For the last four hundred years, certainly: but it was not always so. The Reformers may have been arguing for freedom for themselves to believe what they wanted to believe, to practise Christianity as they thought it should be practised and to propagate their views on religion to society at large; but very few wanted at the same time to accommodate those whose religious views were opposed to their own. Worse still, they believed that they were right and that, in persecuting their opponents, they were both doing the will of God and attempting to snatch those whom they regarded as heretics from the Everlasting Pit. And as Giles Fraser recently observed in The Guardian:
“… it is this sense of having access to the truth that makes religion the dangerous phenomenon that it so often is. Most of the terrible things human beings do to each other originate in a sense of moral conviction. We call it evil – and rightly so – but from the perspective of the perpetrator, the experience of being in this place is exactly the opposite: it feels like being right. And feeling right is one of the most powerful alibis for wickedness.”

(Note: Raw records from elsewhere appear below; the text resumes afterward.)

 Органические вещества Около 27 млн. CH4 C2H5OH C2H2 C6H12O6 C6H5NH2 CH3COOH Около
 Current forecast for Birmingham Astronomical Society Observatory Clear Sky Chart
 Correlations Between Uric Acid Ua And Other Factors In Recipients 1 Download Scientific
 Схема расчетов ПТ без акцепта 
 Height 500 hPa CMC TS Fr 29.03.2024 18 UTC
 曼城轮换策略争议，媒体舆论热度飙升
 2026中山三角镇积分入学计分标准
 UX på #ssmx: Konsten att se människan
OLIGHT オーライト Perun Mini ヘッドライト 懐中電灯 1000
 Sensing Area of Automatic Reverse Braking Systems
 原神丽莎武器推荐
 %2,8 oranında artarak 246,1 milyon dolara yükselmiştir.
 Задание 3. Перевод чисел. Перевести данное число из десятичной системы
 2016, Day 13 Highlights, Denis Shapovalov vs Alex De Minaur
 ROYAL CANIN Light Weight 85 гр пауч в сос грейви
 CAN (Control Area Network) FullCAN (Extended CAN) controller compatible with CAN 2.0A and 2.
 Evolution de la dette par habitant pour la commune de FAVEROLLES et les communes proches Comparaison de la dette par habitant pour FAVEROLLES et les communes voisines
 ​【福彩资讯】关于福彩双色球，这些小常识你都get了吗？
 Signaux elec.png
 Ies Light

Of course, religious confession was mixed up with perceived political affiliation – so it is rather facile to argue, for example, that the penalties on recusants in England were imposed entirely for theological reasons: part of the reason for disabilities on Roman Catholics might have been that they were regarded with suspicion as potentially disloyal agents of a foreign power. But whether the reasons for disabilities on those who did not conform were theological or political or both, the end-product was persecution of religious opponents, with financial penalties at best and death (often of a particularly horrible, lingering kind) at worst. Consider, for example, the martyrdom of Margaret Clitherow, crushed to death on Good Friday 1586 for refusing to plead to what was then the crime of harbouring a Roman Catholic priest. Not that the other side was any better – as no-one with the surname Latimer, Ridley or Cranmer and even the merest smattering of Tudor history is likely to forget. Nothing much of God’s love in any of that.
Nor did Toleration come early to Great Britain. In Scotland, though he had originally supported the Solemn League and Covenant, Charles II decided that he would govern the Church of Scotland as he did the Church of England and, as part of his attempt to Anglicanise the Kirk, private gatherings for prayer and preaching – conventicles – were declared unlawful. Those who resisted were persecuted and from 1670 onward any minister caught preaching at a conventicle would be executed. So began the ‘Killing Times’, in which it is reckoned that over 18,000 Covenanters perished. Notoriously, in 1685 Margaret Wilson and Margaret McLachlan were tied to stakes in the sands at Wigton Bay to be drowned by the incoming tide. For Scottish Presbyterians the situation was not finally resolved until the ejection of James VII & II and the subsequent enactment of the Claim of Right in 1689; but Episcopalians then suffered periods of disability in their turn, not least because they were suspected of Jacobite sympathies.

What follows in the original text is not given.